With the United States recently improving diplomatic relations with Cuba, the Orioles are reportedly interested in playing an exhibition game in the country for the first time in 16 years.
According to ESPN, the Orioles and the Boston Red Sox have both expressed a desire to play in Cuba, but it appears unlikely that it will happen this spring as Major League Baseball is still trying to sort out what the nations’ improved relations will mean for the sport. President Barack Obama announced late last year that the United States would restore full diplomatic relations with Cuba and open an embassy in Havana.
Of course, owner Peter Angelos helped orchestrate a two-game exhibition with the Cuban All-Star team in 1999, which included the Orioles playing a game in Cuba in late March as well as hosting an exhibition contest against the Cubans at Camden Yards in May of that same season. Coordinating a trip this time around wouldn’t figure to be nearly as challenging with travel regulations already being eased by the U.S.

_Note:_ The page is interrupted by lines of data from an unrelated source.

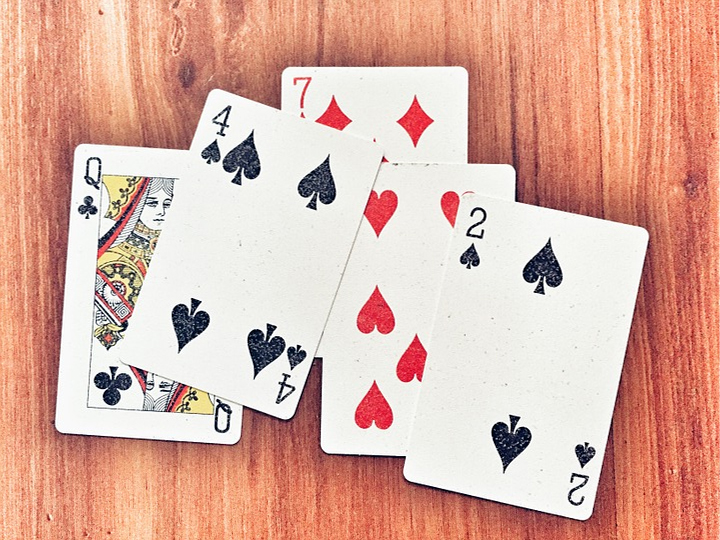 Tips on how to play poker with low value cards on WildPoker.co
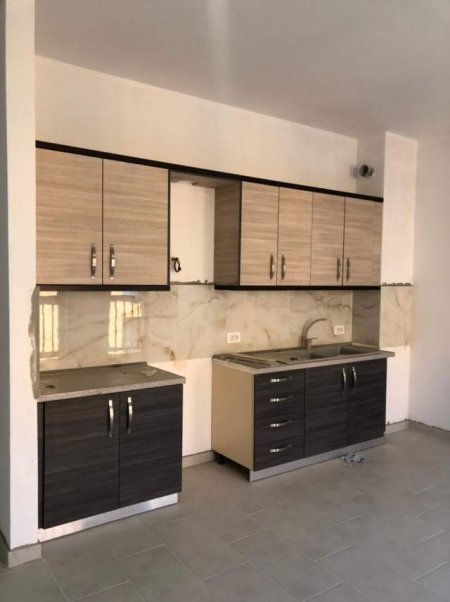 Tirane, jepet me qera apartament 1+1 Kati 6, 60 m² 400 Euro (rruga 5 Maj)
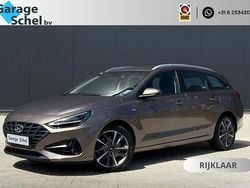 Grijs Gebruikt 2024 Hyundai i30 Premium Stationwagen | € 23.950 (Goede deal)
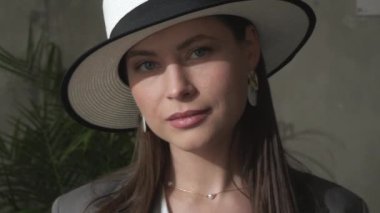 zarif bir şapka ve iş elbisesi güzel genç esmer.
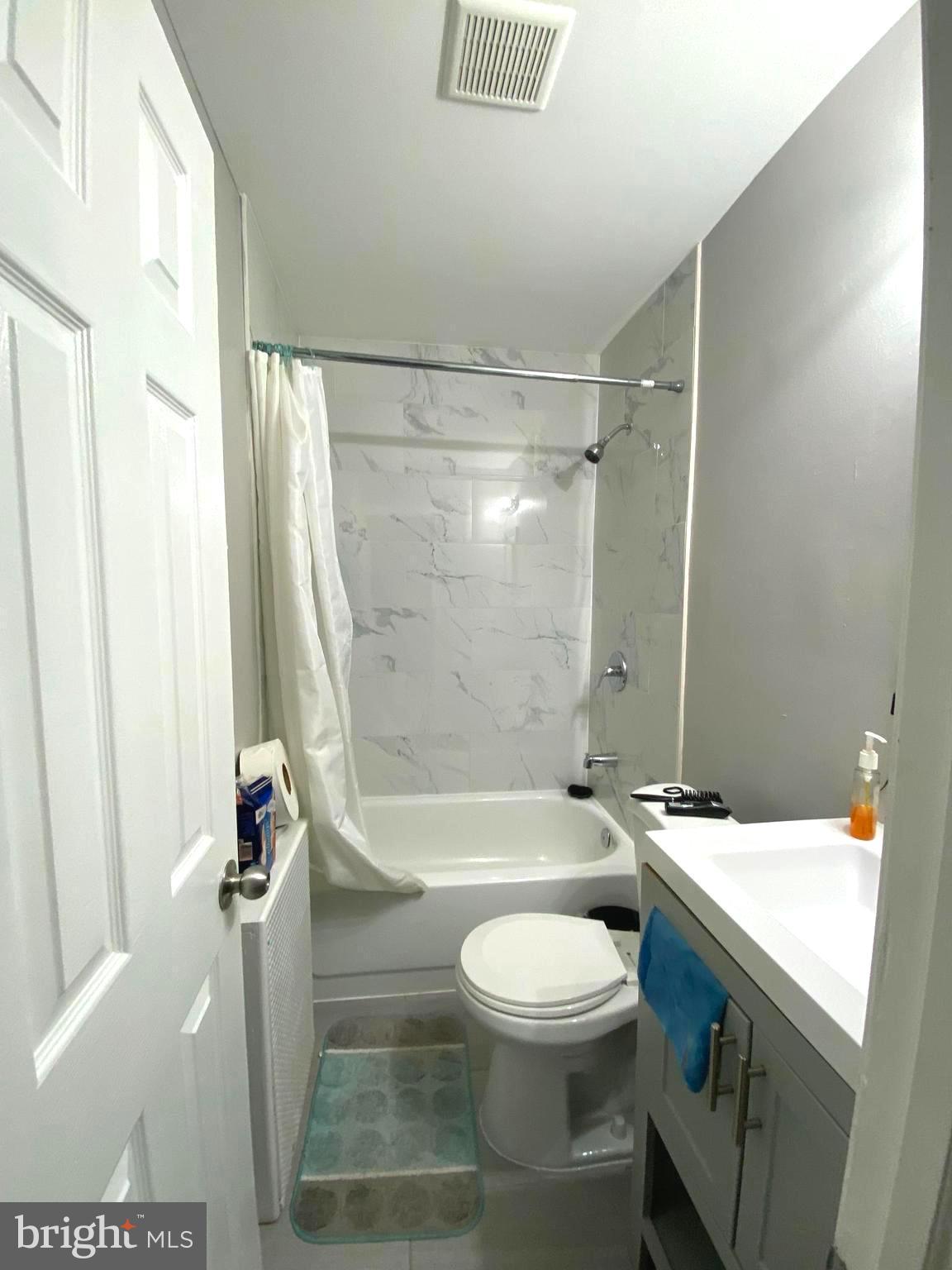 2981 Cornwall Road Dundalk, MD 21222 - Photo 70 of 78 Upper Unit 2 Bathroom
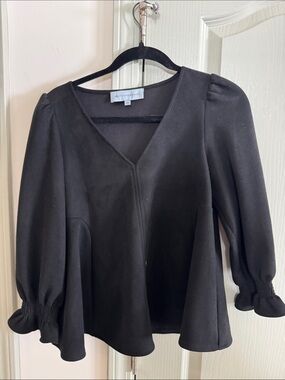 Tuckernuck Black V-Neck Peplum Blouse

The Orioles won the first game in Cuba before the visitors prevailed in the second contest played in Baltimore. It was the first time in four decades that a major league team had played a game in Cuba.
Under current executive vice president of baseball operations Dan Duquette, the Orioles have tapped into Cuba’s baseball talent over the last few seasons, most notably signing outfielders Henry Urrutia and Dariel Alvarez along with a couple others.